- Assignment -
Lines from the one holding "un edificio de" through the end of the entries, inclusive, form the whole output; reproduce them exactly and omit pictures.
%%
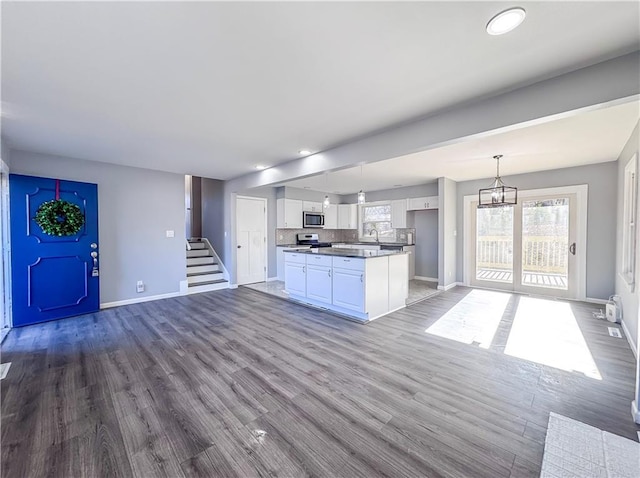 kitchen featuring appliances with stainless steel finishes, white cabinetry, hanging light fixtures, and a kitchen island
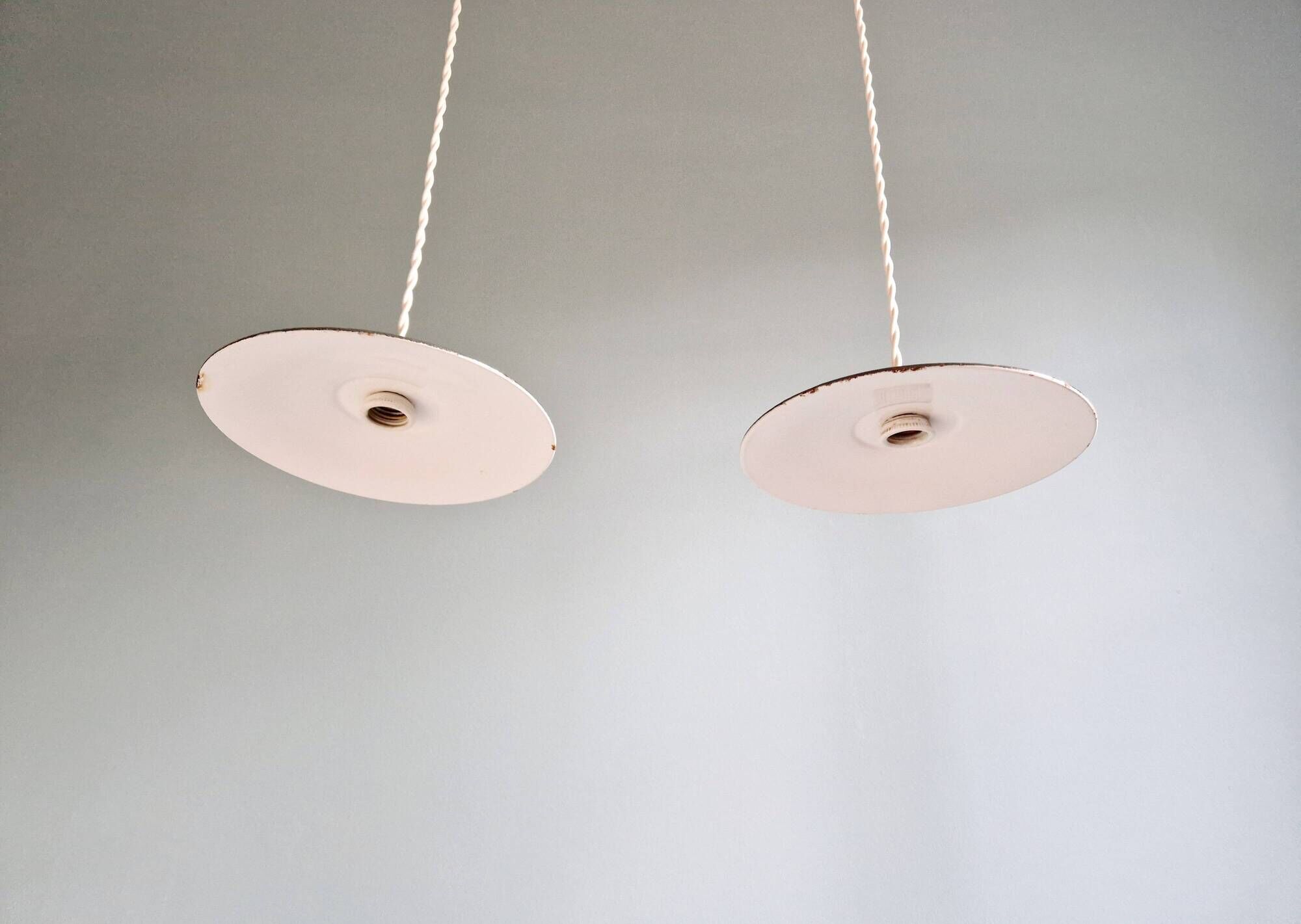 Pair of industrial pendant lights in green enamelled sheet metal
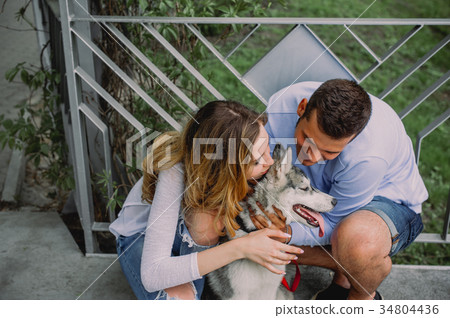 Beautiful young couple playing with a dog husky Beautiful young couple playing with a dog husky 34804436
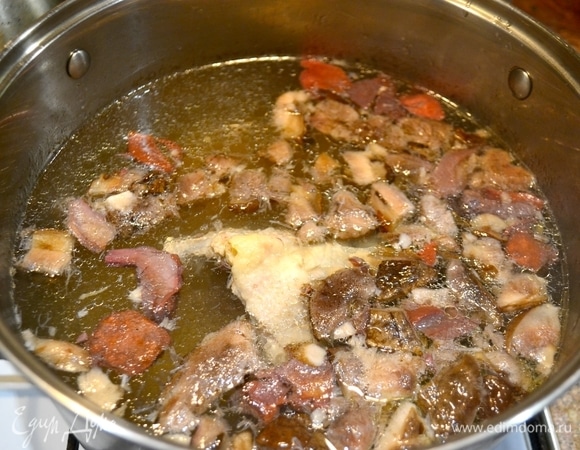 У меня целая курица. Отделяем куриную грудку, для бульона — крылья и спинку. Ставим кастрюлю с водой на огонь и отвариваем куриные части для бульона. Когда курица готова, достаем спинку и добавляем грибы.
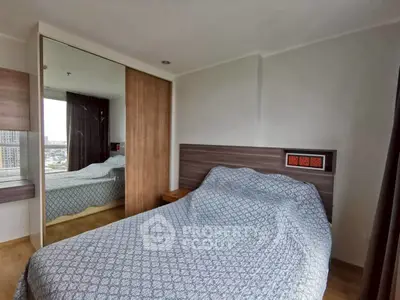 Cozy bedroom with mirrored closet and city view, perfect for urban living.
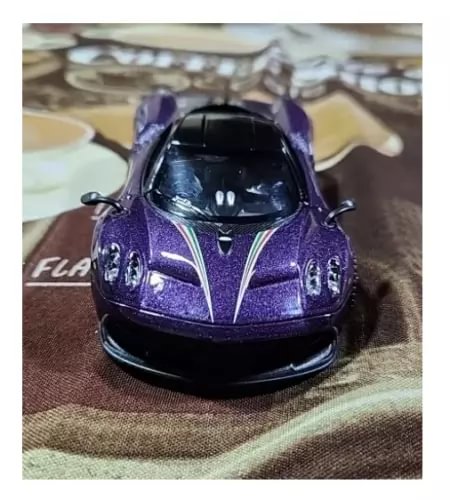 Purple alloy racing car model diecast, front view with black grille and headlights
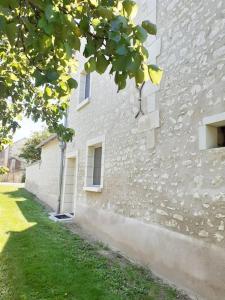 un edificio de ladrillo blanco con un patio de hierba al lado en Le Gîte de Martine et Marc, en Sazilly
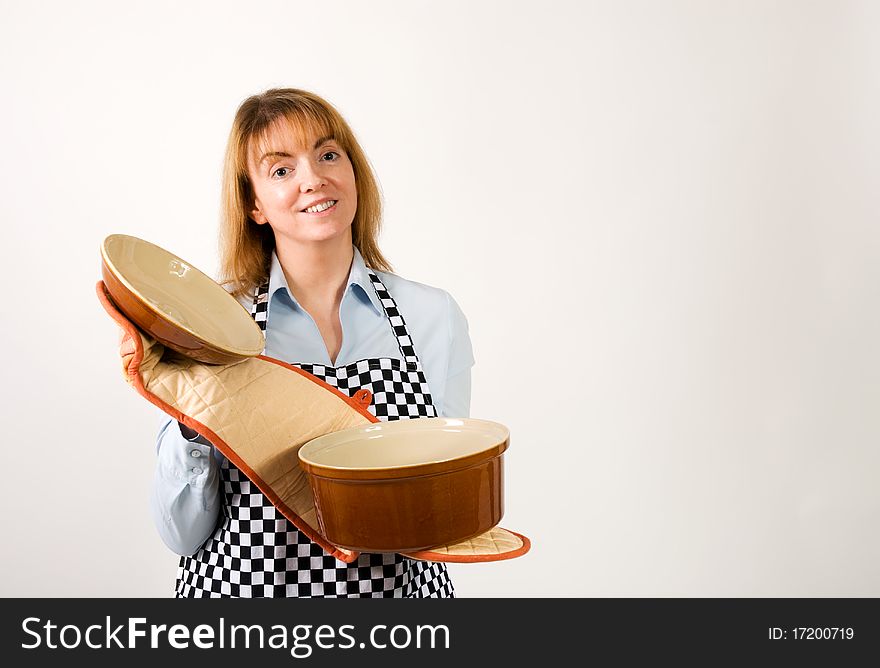 A horizontal image of a cook or mother holding open the lid of a crock pot to show inside,inside empty for editing. A horizontal image of a cook or mother holding open the lid of a crock pot to show inside,inside empty for editing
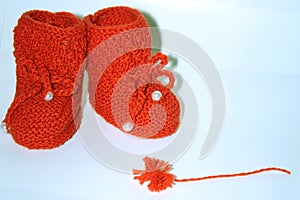 Red knitted baby booties and a red pompon of yarn on a white background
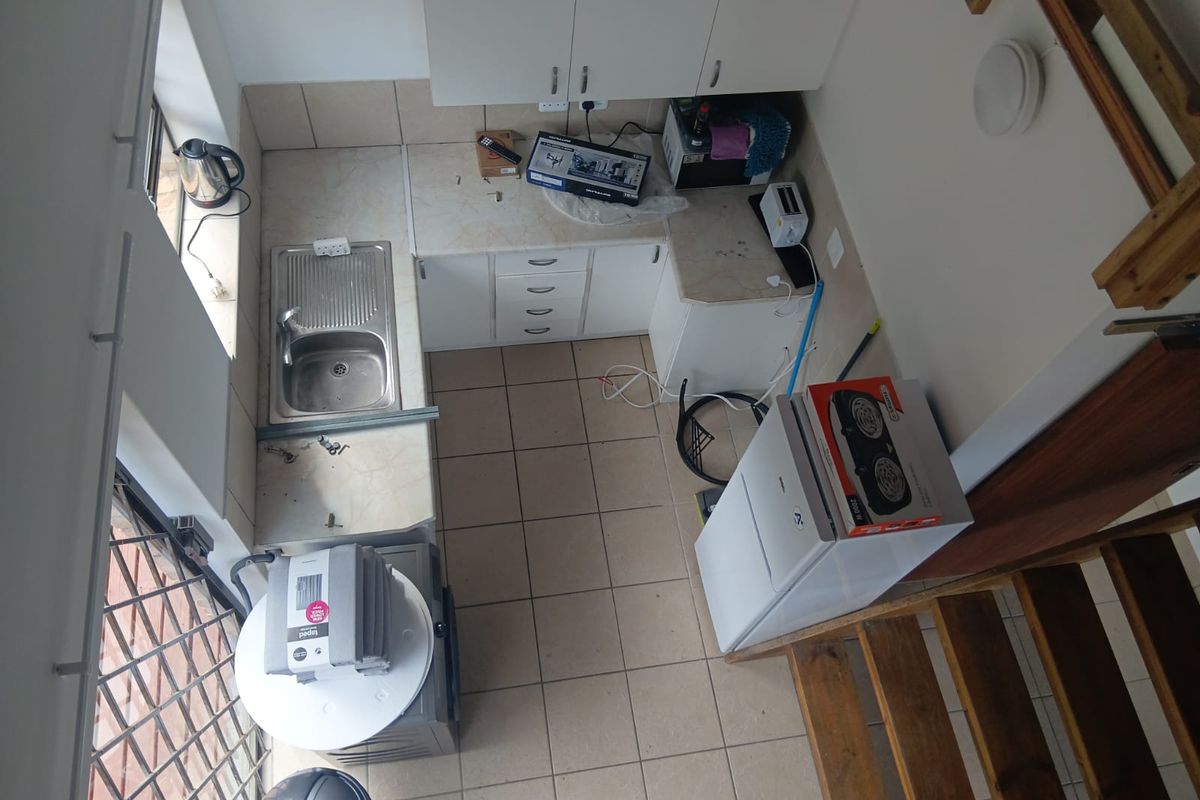 Compact kitchen area featuring tiled flooring, laminate countertops, and built-in cabinetry, viewed from an elevated perspective.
%%
- Output for this exercise -
 un edificio de ladrillo blanco con un patio de hierba al lado en Le Gîte de Martine et Marc, en Sazilly
 A horizontal image of a cook or mother holding open the lid of a crock pot to show inside,inside empty for editing. A horizontal image of a cook or mother holding open the lid of a crock pot to show inside,inside empty for editing
 Red knitted baby booties and a red pompon of yarn on a white background
 Compact kitchen area featuring tiled flooring, laminate countertops, and built-in cabinetry, viewed from an elevated perspective.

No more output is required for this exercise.